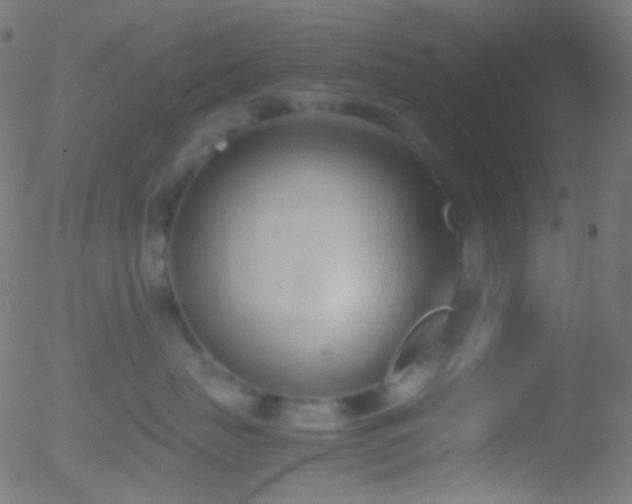 X0000052550671200507011132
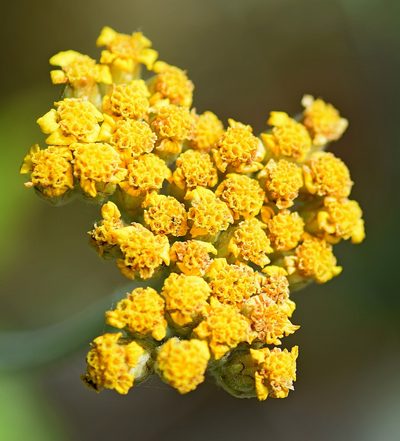 Achillea holosericea, photographed by Kostas Zontanos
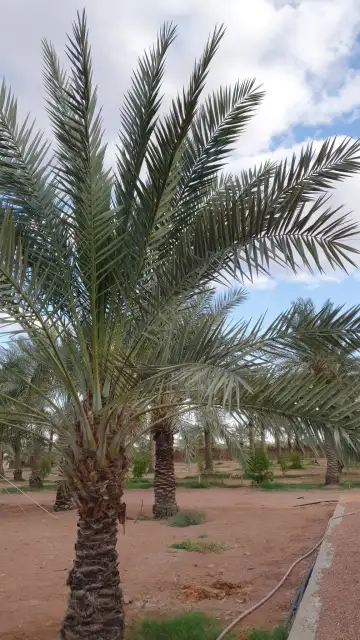 صورة ٣، مزرعة الماجديه للايجار اليومي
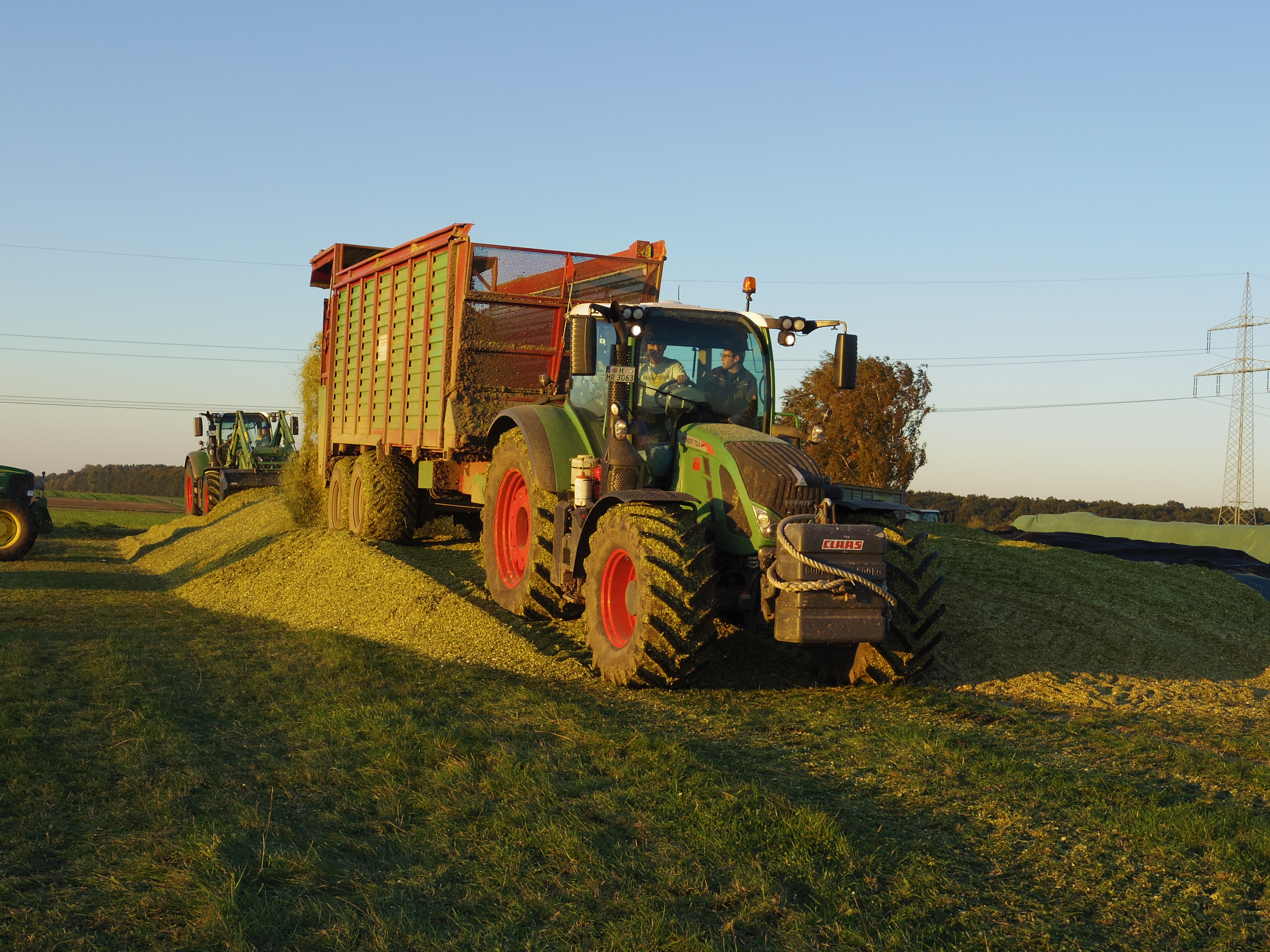 Silage 2015 Freilandsilo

#####

● **WHAT THE TASK REQUIRES**: No pictures should appear in the copy. Print exactly the lines above from the line containing "Achillea holosericea, photographed" through the last line of the data.

● **RESPONSE**:
 Achillea holosericea, photographed by Kostas Zontanos
 صورة ٣، مزرعة الماجديه للايجار اليومي
 Silage 2015 Freilandsilo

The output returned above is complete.